SALT LAKE CITY, Utah — The Department of Education’s Civil Rights Office is investigating Utah’s mask laws and whether they amount to discrimination against K-12 students with disabilities or health conditions. But some state lawmakers say Utah doesn’t have a masking ban, and the federal agency’s investigation is government overreach.
The Department of Education’s Civil Rights Office sent a letter to State Superintendent Sydnee Dickson. In it, they argued that Utah’s mask laws discriminate against students with disabilities or other health conditions. They said a masking ban in schools prevents those students from safely returning to school.
“It’s simply unacceptable that state leaders are putting politics over the health and education of the students they took an oath to serve,” Education Secretary Miguel Cardona said in a statement.
“The department (of education) will fight to protect every student’s right to access in-person learning safely.”
Utah Sen. Evan Vickers, who co-sponsored Utah’s law on masks, said there’s no mask ban in Utah.
“We have not banned masks across the state,” Vickers told KSL Newsradio’s Inside Sources with Boyd Matheson. “We do have a process in place that can implement that,” he argues.
Utah law bans school districts from requiring masks but allows county and city health departments to issue health orders, like a mask mandate, with approval from elected officials. Those officials are city or county councils, or a county commission that can extend or overturn a health order after 30 days. The state legislature can also step in.
Vickers said the feds haven’t reached out to learn what Utah’s policies are.
“It certainly is federal overreach,” Vickers said. “And federal overreach without clarification.”
Utah Sen.
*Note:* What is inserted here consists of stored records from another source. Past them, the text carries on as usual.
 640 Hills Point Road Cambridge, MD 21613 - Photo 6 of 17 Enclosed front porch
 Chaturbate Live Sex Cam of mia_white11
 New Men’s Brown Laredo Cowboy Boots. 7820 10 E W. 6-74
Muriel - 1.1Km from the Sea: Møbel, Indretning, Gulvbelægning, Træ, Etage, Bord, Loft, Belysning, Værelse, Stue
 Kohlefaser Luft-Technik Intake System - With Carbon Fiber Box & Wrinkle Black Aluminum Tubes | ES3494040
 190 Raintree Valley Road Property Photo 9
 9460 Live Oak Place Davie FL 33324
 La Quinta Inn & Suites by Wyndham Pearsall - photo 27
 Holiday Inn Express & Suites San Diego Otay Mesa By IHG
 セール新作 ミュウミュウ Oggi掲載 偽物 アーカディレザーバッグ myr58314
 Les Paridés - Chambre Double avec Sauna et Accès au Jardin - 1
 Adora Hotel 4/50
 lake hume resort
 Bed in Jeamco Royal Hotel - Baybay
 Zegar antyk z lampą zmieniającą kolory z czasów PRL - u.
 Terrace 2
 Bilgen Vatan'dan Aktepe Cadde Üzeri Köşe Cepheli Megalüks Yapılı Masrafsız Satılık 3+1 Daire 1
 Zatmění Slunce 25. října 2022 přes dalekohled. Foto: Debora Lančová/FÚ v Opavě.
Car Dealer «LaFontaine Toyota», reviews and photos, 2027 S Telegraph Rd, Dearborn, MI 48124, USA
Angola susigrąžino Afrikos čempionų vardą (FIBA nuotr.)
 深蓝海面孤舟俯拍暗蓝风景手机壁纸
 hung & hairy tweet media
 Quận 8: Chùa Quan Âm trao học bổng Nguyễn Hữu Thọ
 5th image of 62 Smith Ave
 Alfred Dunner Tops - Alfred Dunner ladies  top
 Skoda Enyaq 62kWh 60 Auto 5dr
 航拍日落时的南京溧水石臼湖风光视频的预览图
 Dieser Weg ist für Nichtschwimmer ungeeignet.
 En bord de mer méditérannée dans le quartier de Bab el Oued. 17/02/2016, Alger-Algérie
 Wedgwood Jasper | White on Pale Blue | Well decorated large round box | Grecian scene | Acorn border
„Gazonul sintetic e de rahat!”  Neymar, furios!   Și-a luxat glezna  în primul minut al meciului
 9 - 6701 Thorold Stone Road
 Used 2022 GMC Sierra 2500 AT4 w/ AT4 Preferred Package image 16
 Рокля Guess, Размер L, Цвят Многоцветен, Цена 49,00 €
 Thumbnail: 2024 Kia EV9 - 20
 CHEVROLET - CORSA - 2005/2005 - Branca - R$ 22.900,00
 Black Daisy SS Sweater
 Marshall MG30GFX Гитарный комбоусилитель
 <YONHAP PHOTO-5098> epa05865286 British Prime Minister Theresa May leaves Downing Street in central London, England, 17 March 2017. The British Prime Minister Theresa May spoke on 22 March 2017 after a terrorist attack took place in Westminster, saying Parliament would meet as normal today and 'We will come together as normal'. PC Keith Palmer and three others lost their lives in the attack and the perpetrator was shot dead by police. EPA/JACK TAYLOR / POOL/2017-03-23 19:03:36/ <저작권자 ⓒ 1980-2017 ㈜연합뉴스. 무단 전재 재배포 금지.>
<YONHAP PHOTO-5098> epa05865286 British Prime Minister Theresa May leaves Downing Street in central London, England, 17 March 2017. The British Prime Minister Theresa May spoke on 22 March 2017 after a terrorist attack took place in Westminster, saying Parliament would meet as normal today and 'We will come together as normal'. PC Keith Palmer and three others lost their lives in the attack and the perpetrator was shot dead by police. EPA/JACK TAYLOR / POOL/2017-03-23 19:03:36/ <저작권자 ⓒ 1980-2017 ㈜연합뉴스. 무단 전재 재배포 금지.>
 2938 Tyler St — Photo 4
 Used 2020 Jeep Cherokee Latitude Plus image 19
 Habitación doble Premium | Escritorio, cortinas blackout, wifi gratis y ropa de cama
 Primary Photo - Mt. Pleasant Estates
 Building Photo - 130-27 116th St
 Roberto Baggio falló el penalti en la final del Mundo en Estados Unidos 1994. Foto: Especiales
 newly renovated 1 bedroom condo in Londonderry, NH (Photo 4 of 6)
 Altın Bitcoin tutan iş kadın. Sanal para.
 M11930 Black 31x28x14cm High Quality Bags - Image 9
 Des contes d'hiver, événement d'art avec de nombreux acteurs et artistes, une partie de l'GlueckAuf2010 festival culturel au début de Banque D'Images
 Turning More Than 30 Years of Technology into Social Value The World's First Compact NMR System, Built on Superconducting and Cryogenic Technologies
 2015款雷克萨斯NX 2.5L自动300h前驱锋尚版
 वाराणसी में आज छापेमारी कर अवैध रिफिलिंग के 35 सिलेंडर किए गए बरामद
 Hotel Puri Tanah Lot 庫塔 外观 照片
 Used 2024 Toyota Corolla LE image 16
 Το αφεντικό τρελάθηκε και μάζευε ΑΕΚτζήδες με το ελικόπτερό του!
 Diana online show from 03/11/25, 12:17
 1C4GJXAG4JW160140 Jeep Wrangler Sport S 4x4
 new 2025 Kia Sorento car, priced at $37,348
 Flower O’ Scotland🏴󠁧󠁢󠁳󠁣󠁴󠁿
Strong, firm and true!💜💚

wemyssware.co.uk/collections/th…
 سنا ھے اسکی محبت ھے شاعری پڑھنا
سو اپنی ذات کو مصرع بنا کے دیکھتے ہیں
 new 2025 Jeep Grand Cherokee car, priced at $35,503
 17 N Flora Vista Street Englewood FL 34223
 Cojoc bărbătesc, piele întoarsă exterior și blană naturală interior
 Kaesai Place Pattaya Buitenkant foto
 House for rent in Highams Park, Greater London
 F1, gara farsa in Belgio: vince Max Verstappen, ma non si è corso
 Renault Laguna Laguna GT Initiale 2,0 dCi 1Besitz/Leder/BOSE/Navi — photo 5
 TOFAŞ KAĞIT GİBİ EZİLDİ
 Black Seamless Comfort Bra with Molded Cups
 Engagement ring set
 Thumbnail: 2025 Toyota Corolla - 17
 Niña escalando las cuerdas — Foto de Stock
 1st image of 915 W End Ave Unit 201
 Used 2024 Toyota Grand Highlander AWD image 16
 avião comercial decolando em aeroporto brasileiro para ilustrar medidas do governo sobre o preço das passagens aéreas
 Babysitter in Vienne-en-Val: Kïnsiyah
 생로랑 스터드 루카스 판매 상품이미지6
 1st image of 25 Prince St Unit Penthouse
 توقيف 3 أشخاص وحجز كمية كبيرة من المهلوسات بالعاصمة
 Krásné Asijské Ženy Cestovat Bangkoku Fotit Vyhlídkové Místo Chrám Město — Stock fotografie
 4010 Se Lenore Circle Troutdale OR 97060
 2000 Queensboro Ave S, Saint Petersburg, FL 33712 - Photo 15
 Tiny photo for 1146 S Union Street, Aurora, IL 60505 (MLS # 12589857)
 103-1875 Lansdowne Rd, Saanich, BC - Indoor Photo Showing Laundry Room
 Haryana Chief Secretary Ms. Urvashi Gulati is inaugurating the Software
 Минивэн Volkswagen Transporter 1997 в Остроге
Todd Weiler told the Dave and Dujanovic show he, too, sees this as overreach.
“I think that this is a real stretch from the federal government trying to force states to bow to their will,” he said.
State Superintended Sydnee Dickson told Jeff Caplan’s Afternoon News, she’s responded to the letter from the Department of Education.
“Just letting them know that they are erroneously indicating that we have a statewide mask ban, which is not correct. Our legislature has passed that on to local health authority and to locally-elected government,” she said.
“They just have a misunderstanding of what our state law is about.”